The US Dollar Index continues to demonstrate remarkable resilience, bolstered by hawkish signals from the Federal Reserve and stronger-than-expected US economic data. The index has managed to sustain its bullish momentum into midweek, supported by a combination of robust labor market figures, persistent inflation concerns, and risk-off flows triggered by geo-political uncertainty.

### Key Drivers of DXY Strength

– **Strong US Economic Data**:
 US non-farm payrolls and other labor indicators have surprised to the upside, signaling underlying economic vigor. Persistent job market strength supports the Fed’s data-dependent, hawkish stance.

– **Fed Policy Path**:
 With US inflation showing signs of stickiness, the Federal Reserve has reiterated its cautious approach regarding rate cuts. Recent comments from FOMC officials highlight the need for greater confidence that inflation is sustainably returning to target before pivoting.

– **Yield Differential**:
 Comparatively higher US Treasury yields relative to other developed economies remain a magnet for foreign capital and underpin demand for the greenback.

– **Safe-haven Demand**:
 Geopolitical flares, ranging from ongoing instability in the Middle East to broader global growth anxieties, have reinforced the dollar’s safe-haven status.

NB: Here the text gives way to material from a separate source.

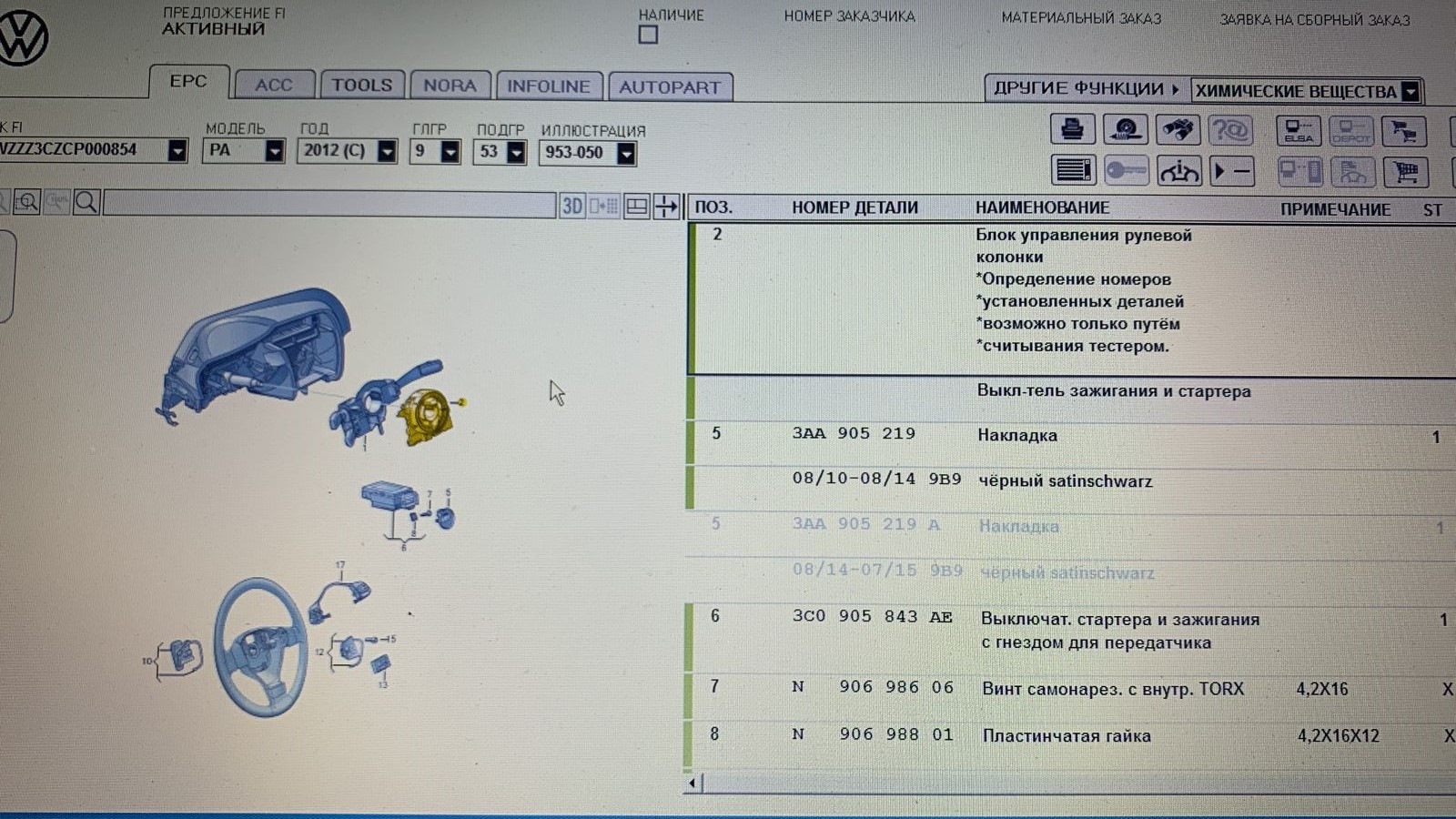 установка круиз контроля пассат б7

### DXY Technical Overview

– **Support Zones**:
 Key support lies at the 200-day moving average, currently near 103.50. Should risk sentiment improve or data soften, a slide below this level could signal a short-term pause in bullish momentum.

– **Resistance Levels**:
 Immediate resistance appears in the 105.50–106.00 region. A break above could see the index testing 107.00, especially if yield differentials persist.

– **Momentum Indicators**:
 A look at the Relative Strength Index (RSI) and moving averages confirms the bullish near-term trend, though overextension warnings could surface if the move accelerates further.

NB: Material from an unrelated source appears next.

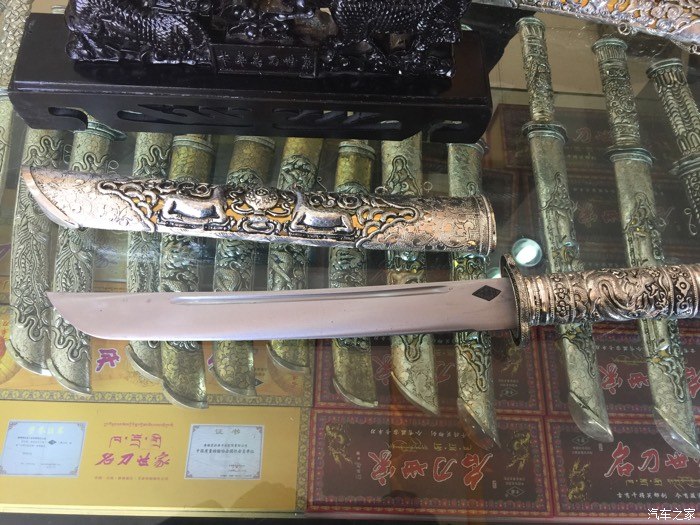 大理丽江香格里拉游玩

## EUR/USD: Pressured by Divergence and Data Weakness

The euro continues to struggle against the dollar, driven by the growing divergence between the European Central Bank (ECB) and Federal Reserve policy outlooks alongside softer Eurozone macro data. Weak business sentiment, disappointing industrial production numbers, and cautious ECB guidance have collectively weighed on EUR/USD as midweek approaches.

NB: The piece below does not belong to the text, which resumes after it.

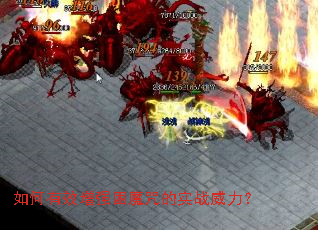 如何有效增强困魔咒的实战威力? 如何有效增强困魔咒的实战威力?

### Key Factors Pressuring the Euro

– **ECB Policy Outlook**:
 The ECB has adopted a relatively dovish tone, with several officials suggesting readiness to trim rates if inflation continues to moderate. Markets now expect the ECB to move before the Fed, leading to a policy divergence that undermines the euro.

– **Sluggish Eurozone Data**:
 Recent releases point to tepid growth across the Eurozone. Business confidence and manufacturing output remain soft in core economies like Germany and France, exacerbating the euro’s underperformance.

– **Yield Spread Trends**:
 With US yields maintaining a premium over European counterparts, capital flows are skewing toward the dollar, amplifying pressure on EUR/USD.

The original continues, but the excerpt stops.